At the same time, office-to-residential conversions are beginning to materially reduce supply, particularly in coastal and infill locations.

👉 Forward implication:
If this trend continues, the market may begin to rebalance from the supply side rather than demand growth—a slower but more durable recovery mechanism.


Bottom Line

  • The market remains tenant-favorable today, particularly in Downtown
  • Execution complexity has increased, especially around build-out and timing
  • Suburban markets are likely to outperform due to functionality and limited new supply
  • Inventory reduction is the most important long-term trend to watch

Long Beach Office Space Market and City Overview

Long Beach: A Market That Defies Simple Definition

Long Beach doesn’t fit neatly into a single category—and that’s exactly what makes it compelling. It combines the infrastructure and scale of an industrial port city with the lifestyle appeal of a Southern California coastal market. From oceanfront areas like Alamitos Bay—consistently rated among the cleanest in the region—to a wide range of established retail and business districts, Long Beach offers a level of diversity that few coastal cities can match.

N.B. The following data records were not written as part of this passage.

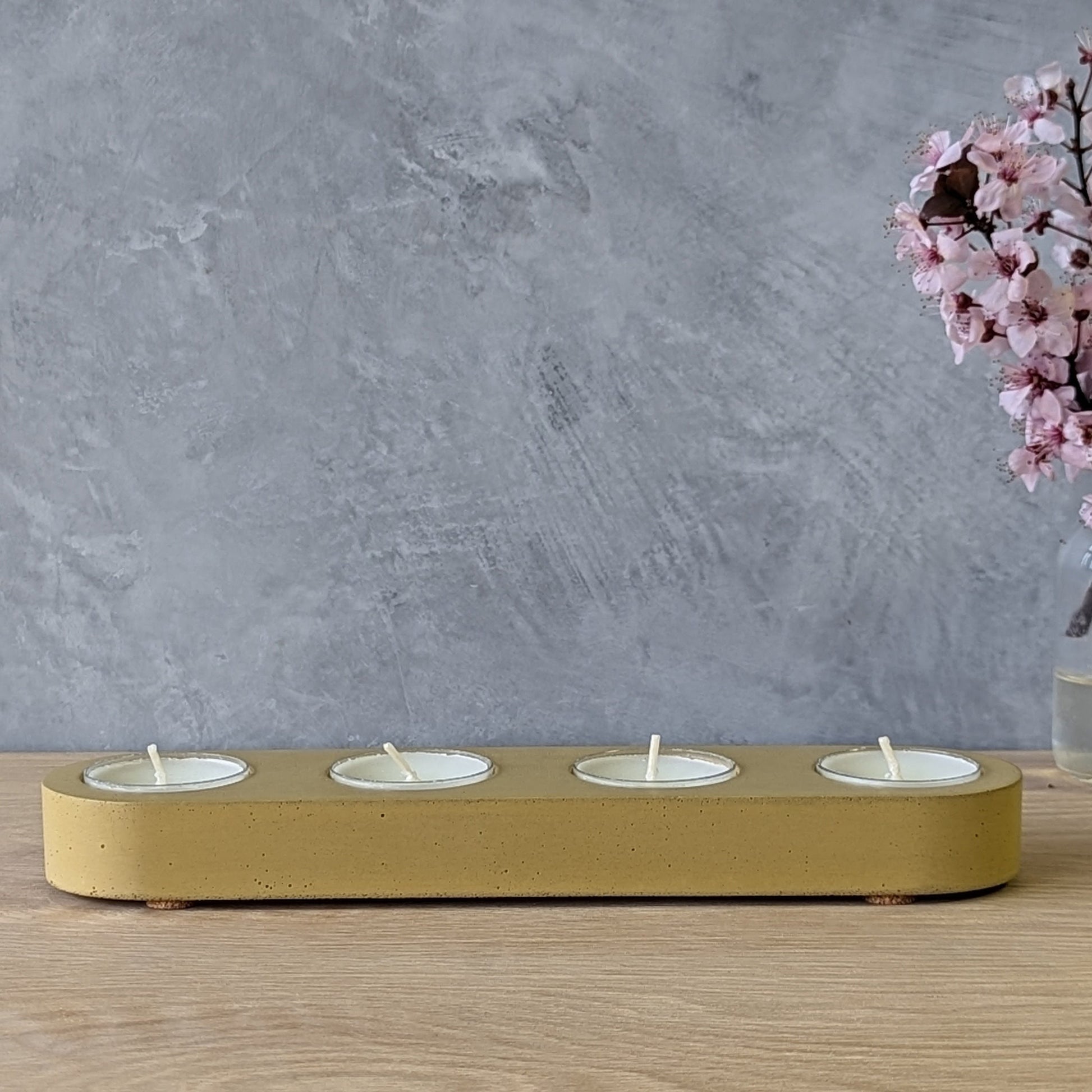 Concrete Tealight Candle Holder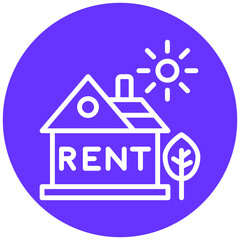 Vector Design House Rent Icon Style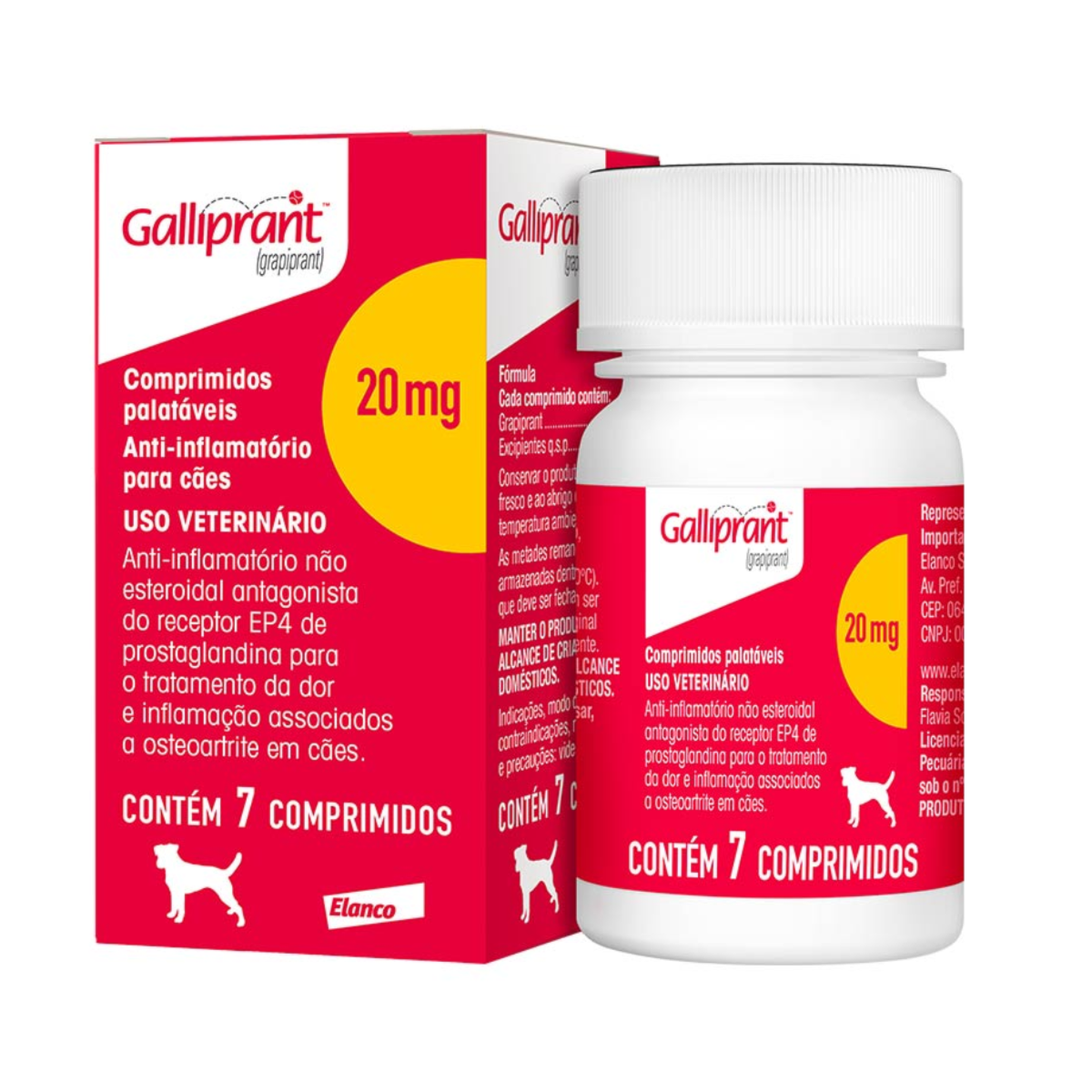 Anti-Inflamatório Galliprant 20mg 30 Comprimidos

A Market of Distinct Submarkets

Rather than functioning as one centralized district, Long Beach operates as a collection of strong, independent submarkets.

Neighborhoods like Belmont Shore and 2nd & PCH deliver a classic coastal retail and dining environment, while areas such as Retro Row, the East Village Arts District, and Bixby Knolls offer more local, design-driven, and community-oriented business environments. Douglas Park, including LBX and The Hangar, reflects a newer, master-planned approach with a mix of office, retail, and experiential uses.

This distribution of activity allows businesses to choose locations that align closely with their brand, workforce, and customer base—something that is harder to achieve in more centralized markets.


Evolving Urban Core, Strength in the Surrounding Market

Downtown Long Beach has experienced cycles of change, as many urban cores have. However, significant residential development has reshaped the area, bringing a large and growing population base that supports long-term demand for retail, services, and office space.

At the same time, many of Long Beach’s strongest business environments are found outside the traditional downtown core. Suburban office corridors and neighborhood retail districts have remained active and resilient, offering practical alternatives for tenants seeking accessibility, parking, and proximity to residential communities.


A Market That Has Gained Institutional Attention

Long Beach was historically overlooked by larger institutional investors, often viewed as secondary to other Southern California coastal markets. That perception has shifted.

Sustained residential development, combined with increasing retail activity and improving infrastructure, has drawn attention from well-capitalized developers and long-term investors. The result is a market that continues to see reinvestment and redevelopment across multiple submarkets—not just in a single concentrated area.


Relative Affordability Along the Coast

As coastal markets throughout Southern California have become increasingly expensive, Long Beach stands out as a more accessible alternative. It offers proximity to major employment centers, port-driven economic activity, and a coastal lifestyle—without the pricing barriers seen in neighboring beach cities.

For businesses, this creates an opportunity: access to a large and diverse customer base, a growing residential population, and a variety of location types, all within a more flexible cost structure.


A Practical Advantage for Tenants

What ultimately defines Long Beach is optionality.

Tenants are not limited to a single business district or price tier. They can choose between urban, coastal, and suburban environments within the same city—each with distinct advantages depending on their needs.

That flexibility, combined with ongoing investment and a broad economic base, continues to position Long Beach as a durable and often underappreciated commercial real estate market within the Greater Los Angeles region.